The €10,000 Constantijn Huygens-prijs is the leading Dutch 'lifetime achievement' author-award, with a solid record (and a few notable misses ...); winners include Cheese-author Willem Elsschot (1951), Louis Paul Boon (1966), Harry Mulisch (1977), The Sorrow of Belgium-author Hugo Claus (1979), Hella S. Haasse (1981), Cees Nooteboom (1992), Tirza-author Arnon Grunberg (2009), and Tonio-author Adri van der Heijden (2011)..
They've now announced that this year's prize goes to Adriaan van Dis
Several of his works have been translated into English; see, for example, the New Press publicity page for My Father’s War; see also the Dutch Foundation for Literature author page.
At Fiction Writers Review Steven Wingate has a Q & A with Georgi Gospodinov, mainly about his recent The Physics of Sorrow.
And if you're in New York today you can catch Gospodinov in English and Bulgarian conversation with Eric Becker and Milena Deleva at the Consulate General of the Republic of Bulgaria at 19:00 !
The most recent addition to the complete review is my review of Jean Raspail's infamous collapse-of-Western-civilization novel, The Camp of the Saints.

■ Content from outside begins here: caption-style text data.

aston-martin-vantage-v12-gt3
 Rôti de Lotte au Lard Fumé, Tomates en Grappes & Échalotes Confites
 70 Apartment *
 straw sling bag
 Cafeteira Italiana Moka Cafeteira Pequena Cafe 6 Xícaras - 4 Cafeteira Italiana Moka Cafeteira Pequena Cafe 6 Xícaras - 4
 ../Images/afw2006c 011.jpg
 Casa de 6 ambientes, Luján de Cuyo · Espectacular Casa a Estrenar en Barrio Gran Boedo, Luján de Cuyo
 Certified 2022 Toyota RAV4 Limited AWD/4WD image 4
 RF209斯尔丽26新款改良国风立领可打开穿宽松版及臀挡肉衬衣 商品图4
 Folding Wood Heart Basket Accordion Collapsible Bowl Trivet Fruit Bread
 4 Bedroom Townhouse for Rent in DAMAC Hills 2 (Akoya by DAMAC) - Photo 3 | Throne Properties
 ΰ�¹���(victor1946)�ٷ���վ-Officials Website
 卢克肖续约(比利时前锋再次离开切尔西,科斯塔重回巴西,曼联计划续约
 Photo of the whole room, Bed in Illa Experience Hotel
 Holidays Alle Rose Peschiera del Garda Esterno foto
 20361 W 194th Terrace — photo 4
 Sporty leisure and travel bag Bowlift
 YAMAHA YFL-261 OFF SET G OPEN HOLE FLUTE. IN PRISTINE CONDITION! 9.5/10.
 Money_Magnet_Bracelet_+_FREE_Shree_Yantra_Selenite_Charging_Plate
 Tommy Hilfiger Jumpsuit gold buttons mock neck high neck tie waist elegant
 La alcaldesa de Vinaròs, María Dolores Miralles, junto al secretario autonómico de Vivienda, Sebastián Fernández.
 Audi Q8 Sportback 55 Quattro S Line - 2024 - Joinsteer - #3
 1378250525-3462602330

I've rarely been so uncomfortable about posting a review, but given how often it has been referenced recently -- now again especially (but hardly only) with the wave of refugees from, in particular, Syria into Europe -- and how often it is brought up in discussions of Michel Houellebecq's just-out-in-the-UK and coming-soon-to-the-US Submission I figured coverage of it serves at least some informational value.
But, holy shit, this is an unpleasant piece of work, with no redeeming features ... and in some ways particularly hard to review; to say Raspail is misguided doesn't come close to how off the rails he is.
The opening of the Kirkusreview from four decades ago gives some sense of the struggle to put this thing in any sort of perspective:
The publishers are presenting The Camp of the Saints as a major event, and it probably is, in much the same sense that Mein Kampf was a major event.
It takes important and chilling facts that very few people are willing to face, and digs into them like a hyena into carrion.
Sadly, there are those who hold it up as an exemplary work and warning -- and it's that, and not Raspail's scenario, that can make you despair of mankind and the future.